Of course, missed by Pottinger is that in describing Mr. Xi, he’s plainly describing central planning by a politician who, like all politicians, is constrained by the known. It hasn’t occurred to Pottinger that the strategy pursued by Mr. Xi, if real, will cause China’s economy to sputter, and eventually contract. Indeed, “high-end imports” is very much a moving target. As the Rosenhaus example reveals (among millions of others reveals in blindingly obvious fashion), what’s high-end today will almost certainly not be advanced tomorrow. Translated yet again for those slow on the uptake, if “China” were pursuing what Pottinger believes, its economy would be on the verge of staggering decline to reflect forced investment of precious resources in the past.

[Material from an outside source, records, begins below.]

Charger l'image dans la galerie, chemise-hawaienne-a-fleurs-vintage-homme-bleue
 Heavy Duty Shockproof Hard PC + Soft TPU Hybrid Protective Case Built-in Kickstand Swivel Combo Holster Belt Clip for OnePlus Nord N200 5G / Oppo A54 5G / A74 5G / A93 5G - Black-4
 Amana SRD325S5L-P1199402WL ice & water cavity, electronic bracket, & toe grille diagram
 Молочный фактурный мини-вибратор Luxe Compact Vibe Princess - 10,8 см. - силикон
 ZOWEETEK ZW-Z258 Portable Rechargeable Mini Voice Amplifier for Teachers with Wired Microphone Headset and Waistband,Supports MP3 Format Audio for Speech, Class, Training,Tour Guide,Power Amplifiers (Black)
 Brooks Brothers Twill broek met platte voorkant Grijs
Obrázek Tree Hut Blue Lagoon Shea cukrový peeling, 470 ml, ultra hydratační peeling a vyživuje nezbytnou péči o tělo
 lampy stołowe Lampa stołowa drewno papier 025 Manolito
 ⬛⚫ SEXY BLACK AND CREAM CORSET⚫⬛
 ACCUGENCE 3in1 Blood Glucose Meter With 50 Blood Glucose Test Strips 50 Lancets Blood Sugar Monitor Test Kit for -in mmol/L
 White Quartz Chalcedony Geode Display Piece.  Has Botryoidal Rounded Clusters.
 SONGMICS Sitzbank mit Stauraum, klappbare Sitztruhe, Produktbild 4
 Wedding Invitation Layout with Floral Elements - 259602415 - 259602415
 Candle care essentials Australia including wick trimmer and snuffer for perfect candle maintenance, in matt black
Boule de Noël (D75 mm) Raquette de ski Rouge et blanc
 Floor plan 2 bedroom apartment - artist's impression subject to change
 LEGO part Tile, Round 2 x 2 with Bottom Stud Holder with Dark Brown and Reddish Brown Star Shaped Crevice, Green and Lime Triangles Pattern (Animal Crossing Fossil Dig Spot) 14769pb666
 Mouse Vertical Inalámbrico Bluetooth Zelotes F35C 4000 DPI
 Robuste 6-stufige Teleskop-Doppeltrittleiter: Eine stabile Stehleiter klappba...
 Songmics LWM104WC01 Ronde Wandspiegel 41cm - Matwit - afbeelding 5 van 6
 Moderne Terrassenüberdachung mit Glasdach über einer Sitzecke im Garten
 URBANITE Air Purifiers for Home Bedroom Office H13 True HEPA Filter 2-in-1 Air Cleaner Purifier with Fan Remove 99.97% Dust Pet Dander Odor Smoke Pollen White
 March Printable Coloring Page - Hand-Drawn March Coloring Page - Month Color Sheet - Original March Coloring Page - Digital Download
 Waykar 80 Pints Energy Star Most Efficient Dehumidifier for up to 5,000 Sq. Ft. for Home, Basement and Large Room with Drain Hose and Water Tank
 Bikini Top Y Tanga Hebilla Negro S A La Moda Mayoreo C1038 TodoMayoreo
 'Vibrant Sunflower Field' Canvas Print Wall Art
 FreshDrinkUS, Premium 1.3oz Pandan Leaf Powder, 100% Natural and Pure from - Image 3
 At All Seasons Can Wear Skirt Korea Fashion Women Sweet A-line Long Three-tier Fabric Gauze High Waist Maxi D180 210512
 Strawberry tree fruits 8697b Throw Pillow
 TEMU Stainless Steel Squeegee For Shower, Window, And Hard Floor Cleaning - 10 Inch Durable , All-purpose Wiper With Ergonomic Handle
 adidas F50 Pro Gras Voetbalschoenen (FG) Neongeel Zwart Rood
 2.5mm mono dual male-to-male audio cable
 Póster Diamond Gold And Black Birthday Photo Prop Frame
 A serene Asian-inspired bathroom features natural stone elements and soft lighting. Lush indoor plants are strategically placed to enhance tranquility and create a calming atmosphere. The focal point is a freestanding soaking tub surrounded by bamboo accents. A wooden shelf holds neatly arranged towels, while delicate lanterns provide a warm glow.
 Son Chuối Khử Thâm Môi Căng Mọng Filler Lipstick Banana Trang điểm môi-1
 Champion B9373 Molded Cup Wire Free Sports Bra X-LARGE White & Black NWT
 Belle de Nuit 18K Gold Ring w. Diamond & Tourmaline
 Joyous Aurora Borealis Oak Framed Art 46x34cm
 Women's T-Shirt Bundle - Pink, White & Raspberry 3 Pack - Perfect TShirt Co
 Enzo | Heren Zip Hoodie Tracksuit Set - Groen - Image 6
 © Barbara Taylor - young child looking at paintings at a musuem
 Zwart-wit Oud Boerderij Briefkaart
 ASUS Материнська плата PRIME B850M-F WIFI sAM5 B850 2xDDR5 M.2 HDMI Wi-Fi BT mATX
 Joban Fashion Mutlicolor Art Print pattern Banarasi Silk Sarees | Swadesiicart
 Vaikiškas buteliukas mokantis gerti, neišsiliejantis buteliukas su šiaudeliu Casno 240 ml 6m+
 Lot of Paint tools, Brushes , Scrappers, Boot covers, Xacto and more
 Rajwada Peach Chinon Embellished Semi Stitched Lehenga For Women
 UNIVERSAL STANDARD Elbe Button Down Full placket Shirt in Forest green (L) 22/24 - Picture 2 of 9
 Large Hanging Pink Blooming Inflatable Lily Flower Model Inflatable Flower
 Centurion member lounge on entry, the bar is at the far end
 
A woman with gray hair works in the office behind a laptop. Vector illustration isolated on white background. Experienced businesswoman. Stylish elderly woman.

Important about the previously expressed truism is that Pottinger’s suspicions are likely incorrect. If not, as in Pottinger were correct, stock markets in China and the U.S. would presently be retreating in sickening fashion right now to reflect China’s looming decline born of central planning. You see, the happy truth not expressed by Pottinger is that China seeks to meet the needs of the world precisely because its people seek the world’s plenty. In other words, China is a huge market for the U.S.’s greatest companies as a direct consequence of the world more and more on goods produced in China.

Which explains a happier truth not understood by Pottinger. China’s success redounds to American companies, and so will American success to redound to the Chinese. Work divided endlessly lifts those lucky enough to be able to divide it.

In short, what scares Pottinger should excite those who desire economic growth and progress. Though China has demerits, its people want to acquire the world’s plenty in the way Americans long have. Their economic yearnings will logically lift the U.S. through the very imports that Pottinger views as a threat, but that relentlessly push Americans to higher levels of specialization.